Key administrative details provided in the source information include an original closing date of 2025-10-02 and a creation date for the opportunity record of 2024-11-20. The opportunity is categorized under health and social services-related activity areas, and it is associated with CFDA numbers 93.173, 93.242, 93.350, and 93.865, which correspond to NIH-related assistance listings. Some typical grant details such as an award ceiling and expected number of awards are not specified in the provided excerpt, so applicants would need to consult the full announcement and NIH guidance for budget expectations and any institute- or program-specific constraints tied to the R21 mechanism.

Taken together, PAR-25-220 is essentially a targeted call for innovative, data-driven projects that use existing datasets to clarify how late talking unfolds across childhood, what early features best predict later outcomes, and what mechanisms may link early language delays to later functioning. Just as importantly, it aims to leave the field with stronger shared data resources so that findings can be replicated, compared across studies, and extended more quickly by other researchers.

  • The National Institutes of Health in the health, income security and social services sector is offering a public funding opportunity titled "Leveraging Extant Data to Understand Developmental Trajectories of Late Talking Children (R21 Clinical Trial Not Allowed)" and is now available to receive applicants.
  • Interested and eligible applicants and submit their applications by referencing the CFDA number(s): 93.173, 93.242, 93.350, 93.865.
  • This funding opportunity was created on 2024-11-20.

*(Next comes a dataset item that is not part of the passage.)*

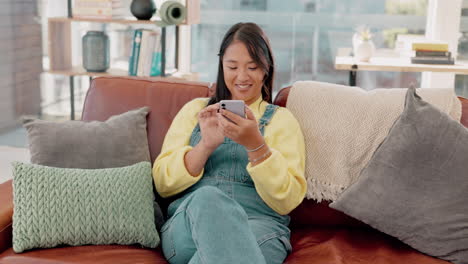 Smile,-happy-and-Asian-woman-with-phone-on-sofa-to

  • Applicants must submit their applications by 2025-10-02. (Agency may still review applications by suitable applicants for the remaining/unused allocated funding in 2026.)
  • Eligible applicants include: State governments, County governments, City or township governments, Special district governments, Independent school districts, Public and State controlled institutions of higher education, Native American tribal governments (Federally recognized), Public housing authorities/Indian housing authorities, Native American tribal organizations (other than Federally recognized tribal governments), Nonprofits having a 501 (c) (3) status with the IRS, other than institutions of higher education, Nonprofits that do not have a 501 (c) (3) status with the IRS, other than institutions of higher education, Private institutions of higher education, For-profit organizations other than small businesses, Small businesses, Others.